Could you retype every line below exactly, omitting the images?

DATA EXCERPT >>
===============

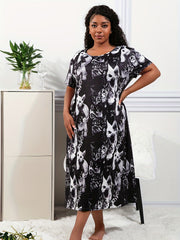  Colorblock Cat Print Nightdress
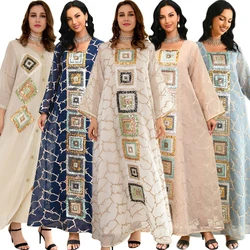 Luxury Sequins Abaya Dress For Women Moroccan Kaftan Turkey Arabic Jalabiya White Islamic Ethnic Robe 2024 Ramadan Eid Mubarak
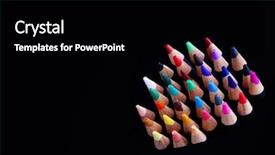 Presentation with color pencils - Slides with colored pencils on a black background and a black colored foreground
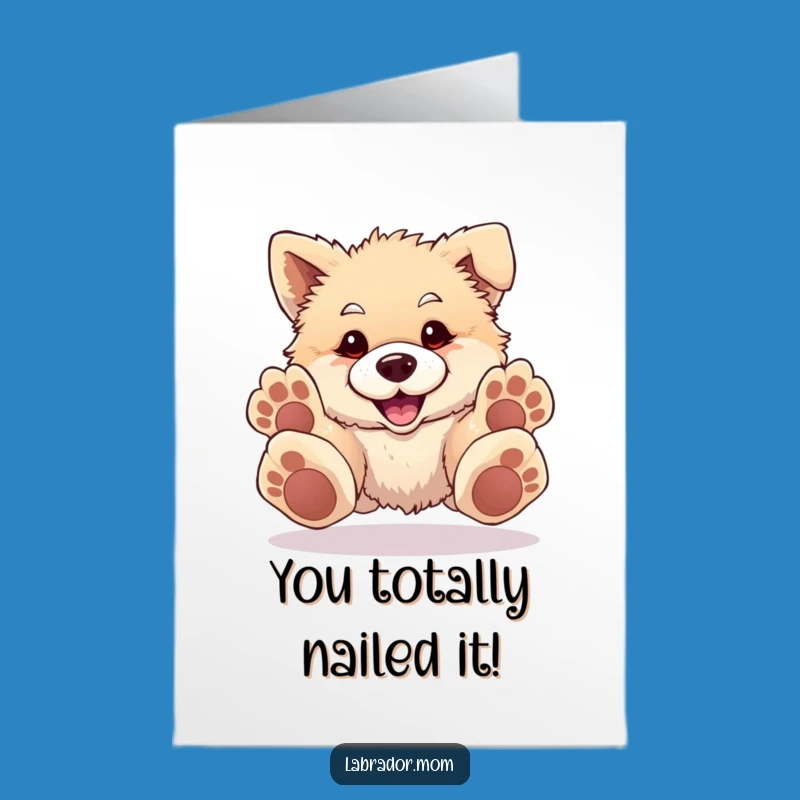 Free Printable Congrats Card: Funny Dog Pouncing, Hilarious Downloadable Surprise Gift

===============

FINISHED EXERCISE >>
  Colorblock Cat Print Nightdress
 Luxury Sequins Abaya Dress For Women Moroccan Kaftan Turkey Arabic Jalabiya White Islamic Ethnic Robe 2024 Ramadan Eid Mubarak
 Presentation with color pencils - Slides with colored pencils on a black background and a black colored foreground
 Free Printable Congrats Card: Funny Dog Pouncing, Hilarious Downloadable Surprise Gift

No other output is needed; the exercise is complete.